DATA PROVIDED
= = = = = = =

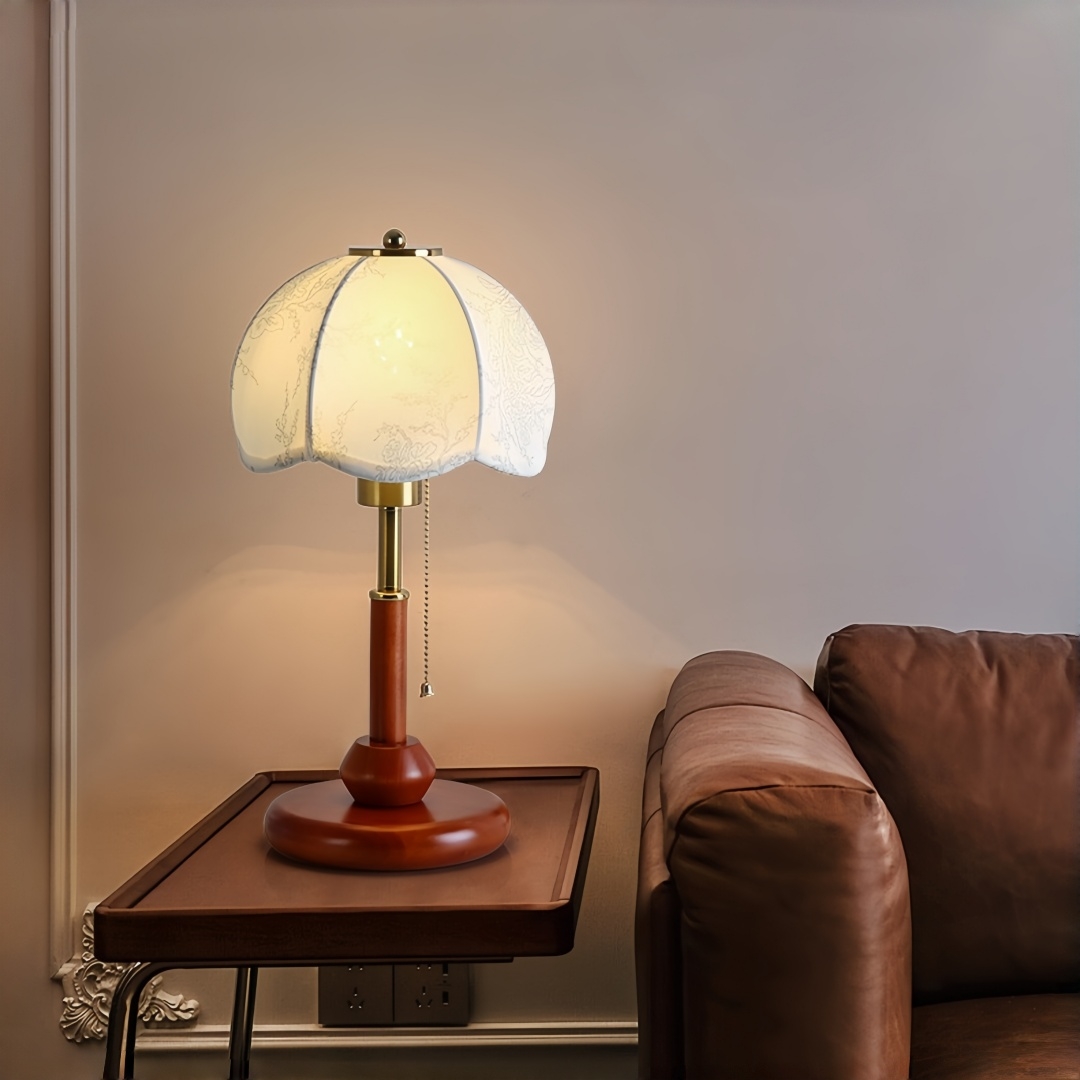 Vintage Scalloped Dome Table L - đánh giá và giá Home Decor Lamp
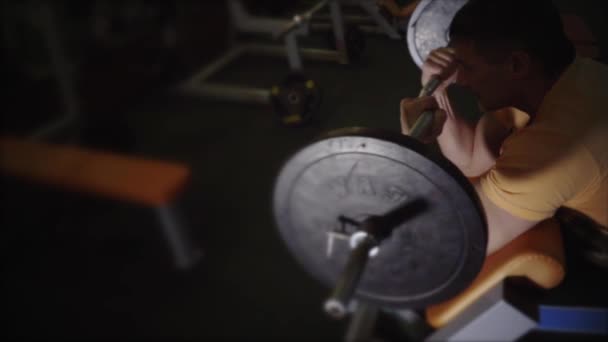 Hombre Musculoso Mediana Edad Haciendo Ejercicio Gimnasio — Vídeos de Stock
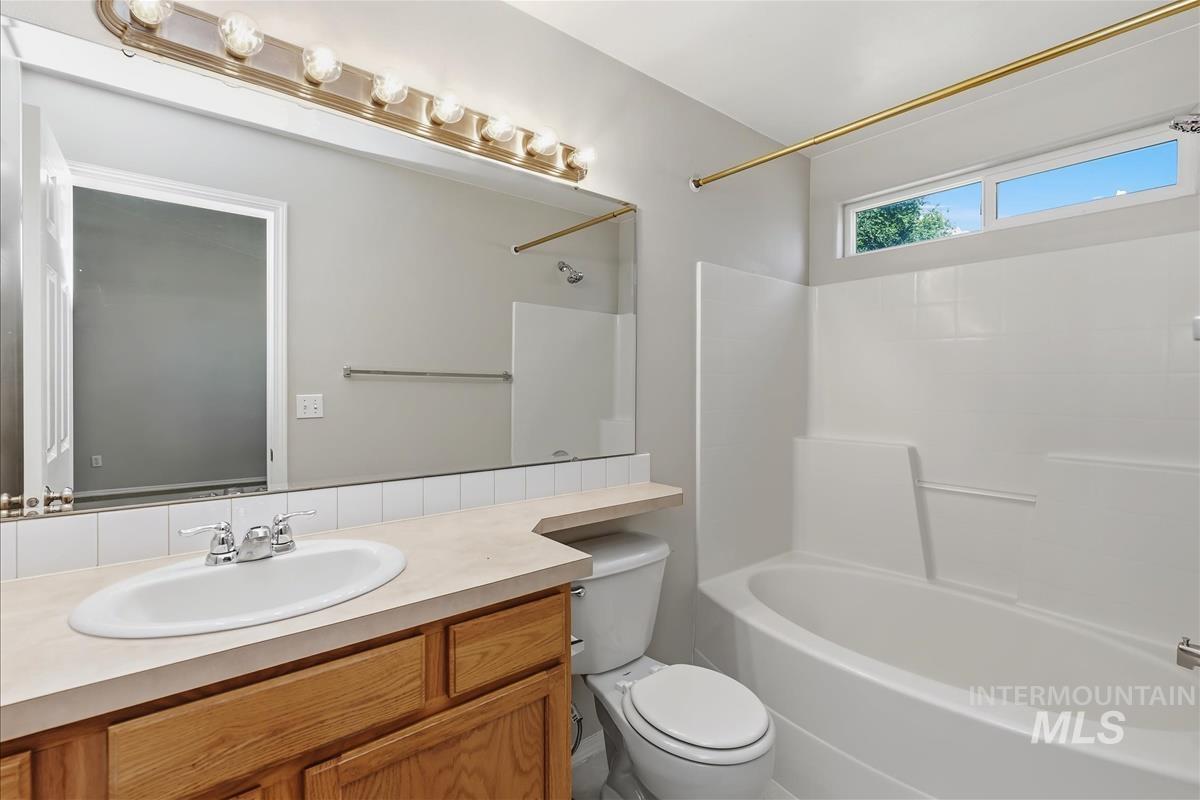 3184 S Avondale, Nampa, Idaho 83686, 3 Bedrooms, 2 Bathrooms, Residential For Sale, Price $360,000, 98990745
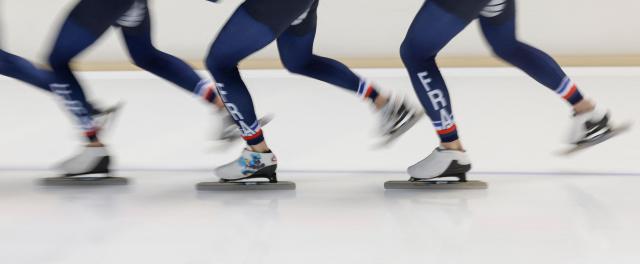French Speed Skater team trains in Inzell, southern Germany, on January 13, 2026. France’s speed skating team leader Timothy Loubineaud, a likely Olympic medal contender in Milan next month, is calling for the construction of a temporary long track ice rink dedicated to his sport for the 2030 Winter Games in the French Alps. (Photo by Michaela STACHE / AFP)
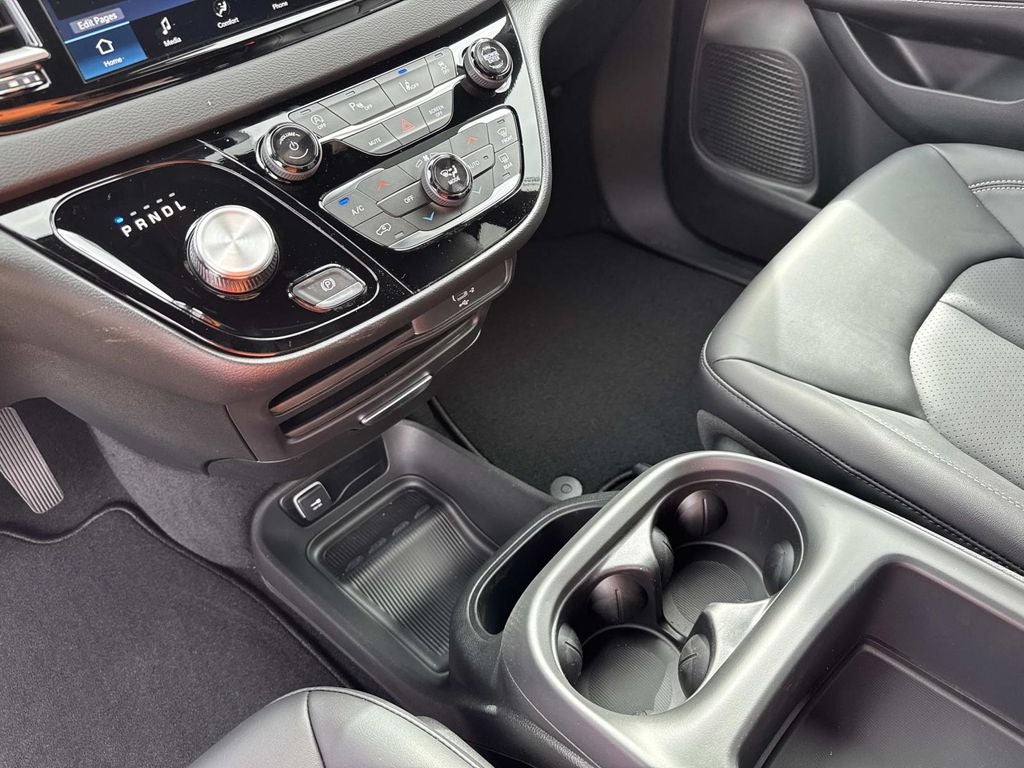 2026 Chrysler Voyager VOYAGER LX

= = = = = = =

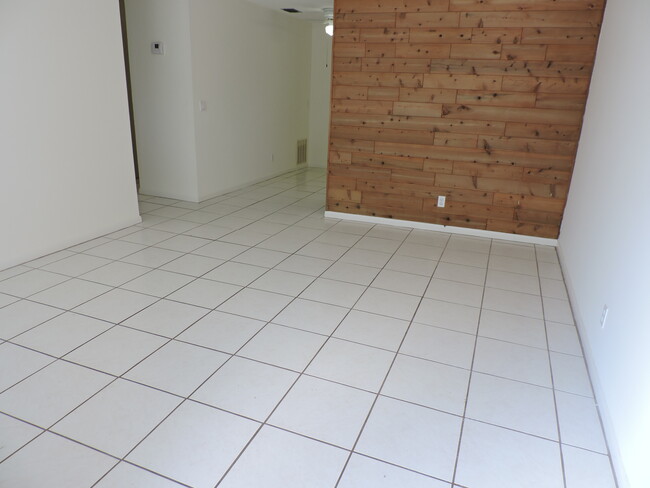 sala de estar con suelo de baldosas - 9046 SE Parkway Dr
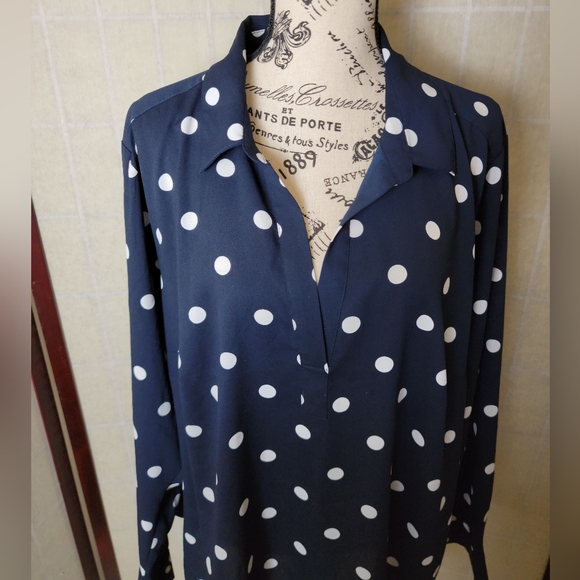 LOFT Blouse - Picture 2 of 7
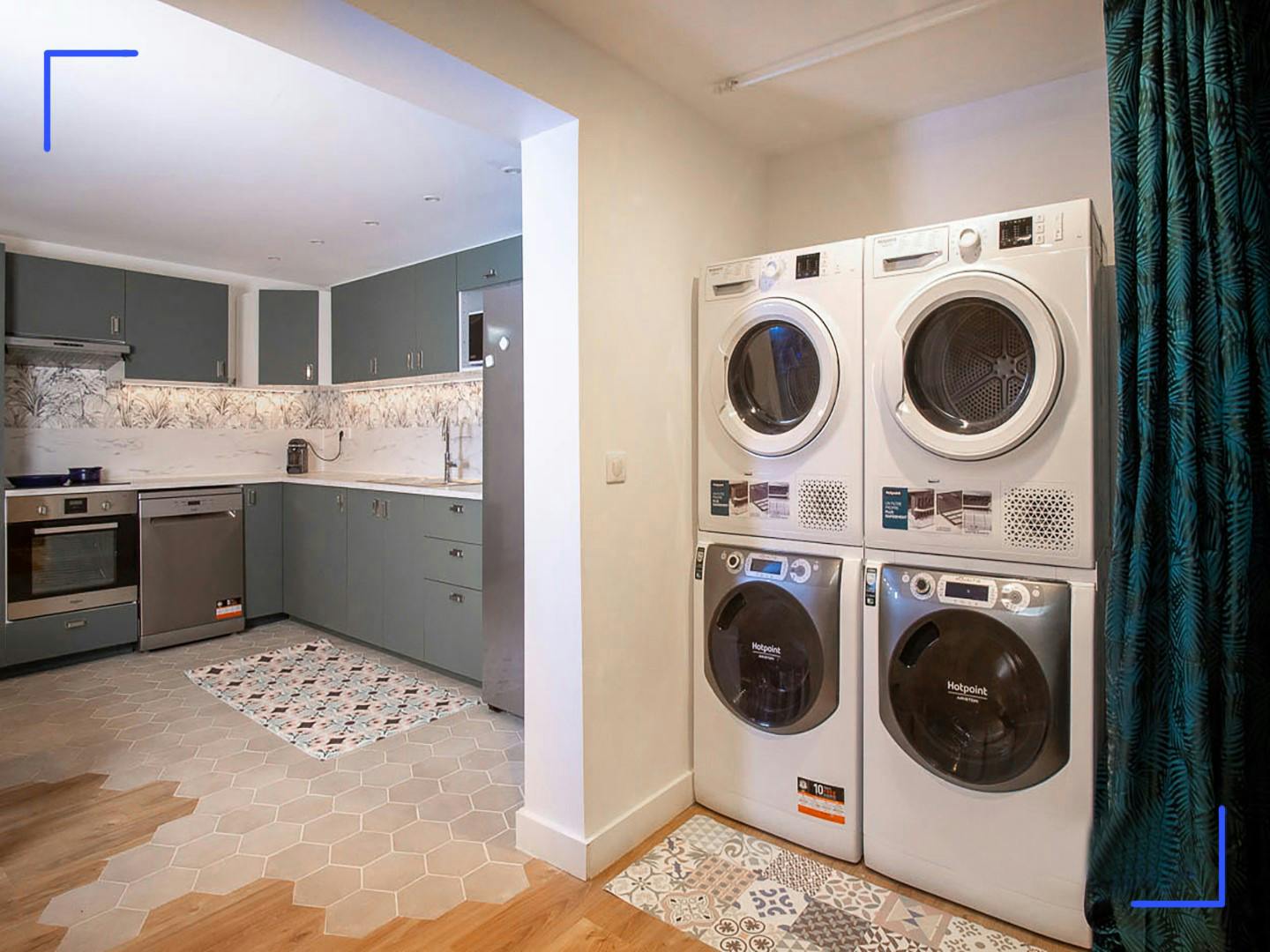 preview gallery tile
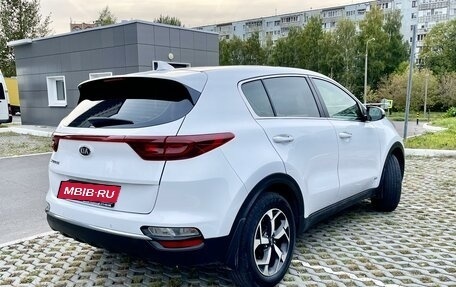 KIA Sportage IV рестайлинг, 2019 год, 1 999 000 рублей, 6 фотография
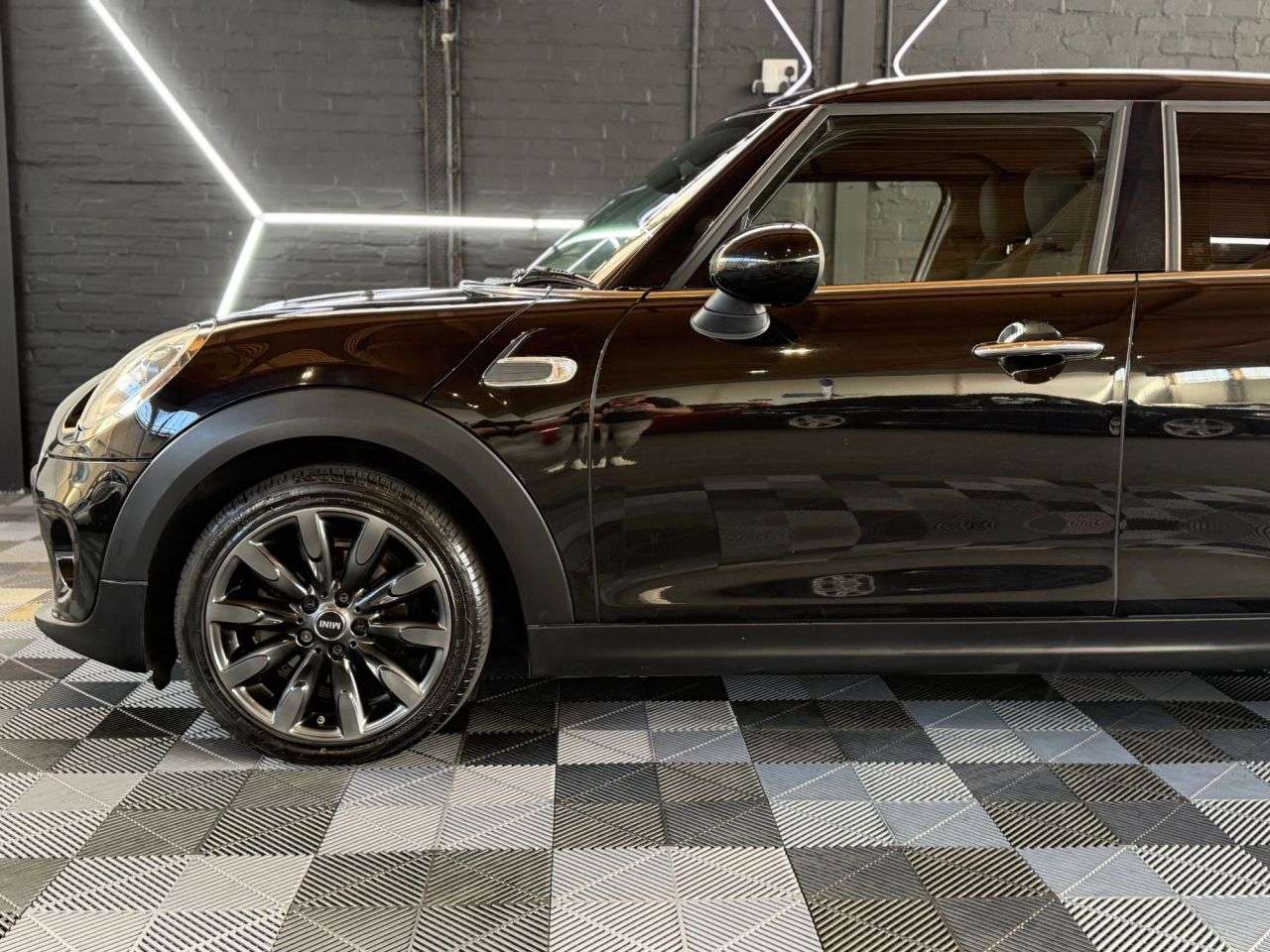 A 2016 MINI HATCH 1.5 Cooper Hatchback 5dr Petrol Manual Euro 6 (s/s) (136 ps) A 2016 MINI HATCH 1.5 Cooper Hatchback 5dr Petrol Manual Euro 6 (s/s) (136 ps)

= = = = = = =

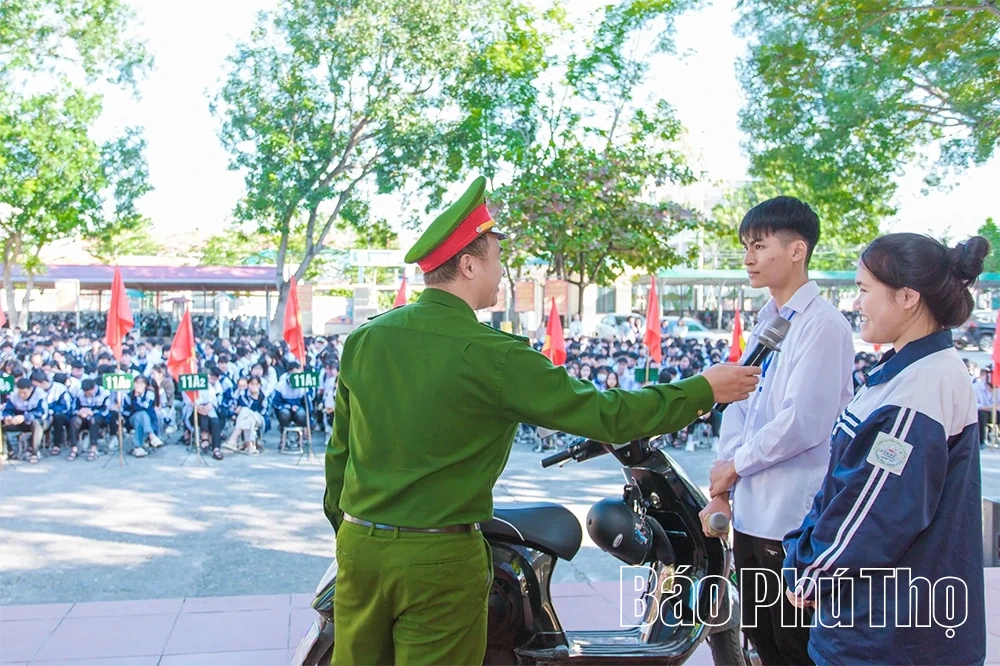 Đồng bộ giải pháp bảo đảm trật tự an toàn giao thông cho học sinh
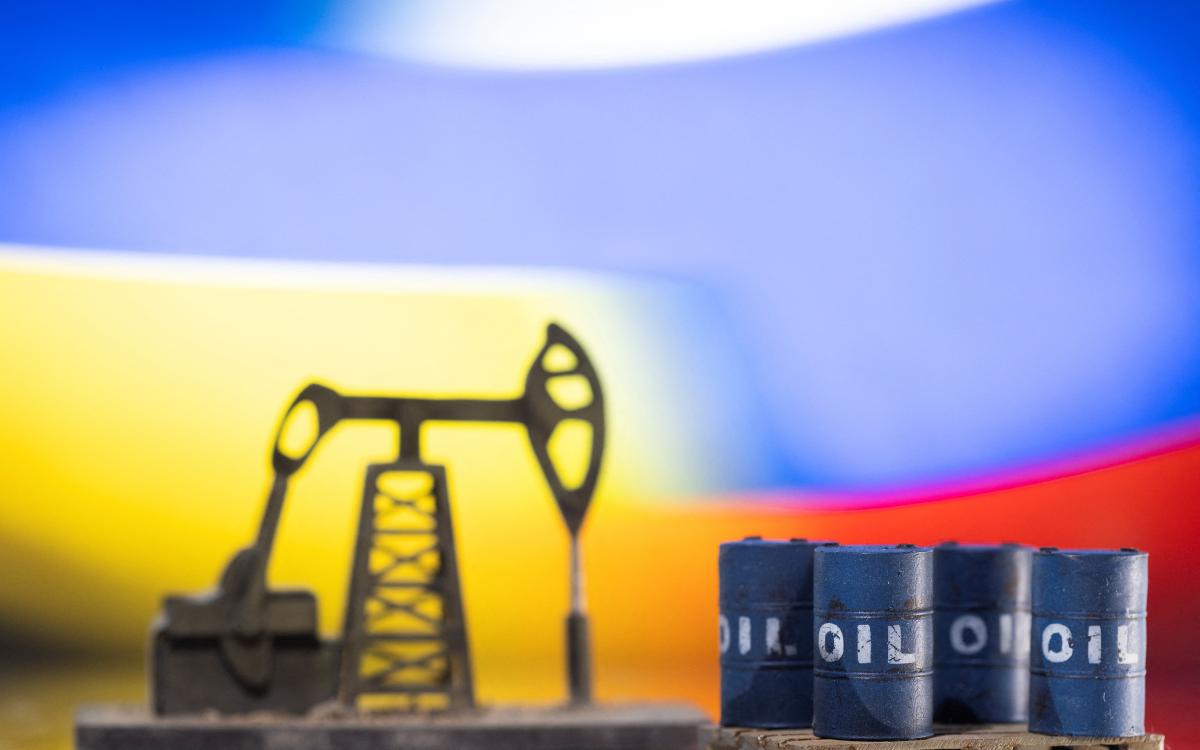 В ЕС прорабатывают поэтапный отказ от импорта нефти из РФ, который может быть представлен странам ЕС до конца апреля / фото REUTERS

= = = = = = =

ACTIVITY
Your answer should be the lines above, word for word, from the line with "KIA Sportage IV" through the line with "(s/s) (136 ps) A", minus the pictures.

WRITTEN RESPONSE
 KIA Sportage IV рестайлинг, 2019 год, 1 999 000 рублей, 6 фотография
 A 2016 MINI HATCH 1.5 Cooper Hatchback 5dr Petrol Manual Euro 6 (s/s) (136 ps) A 2016 MINI HATCH 1.5 Cooper Hatchback 5dr Petrol Manual Euro 6 (s/s) (136 ps)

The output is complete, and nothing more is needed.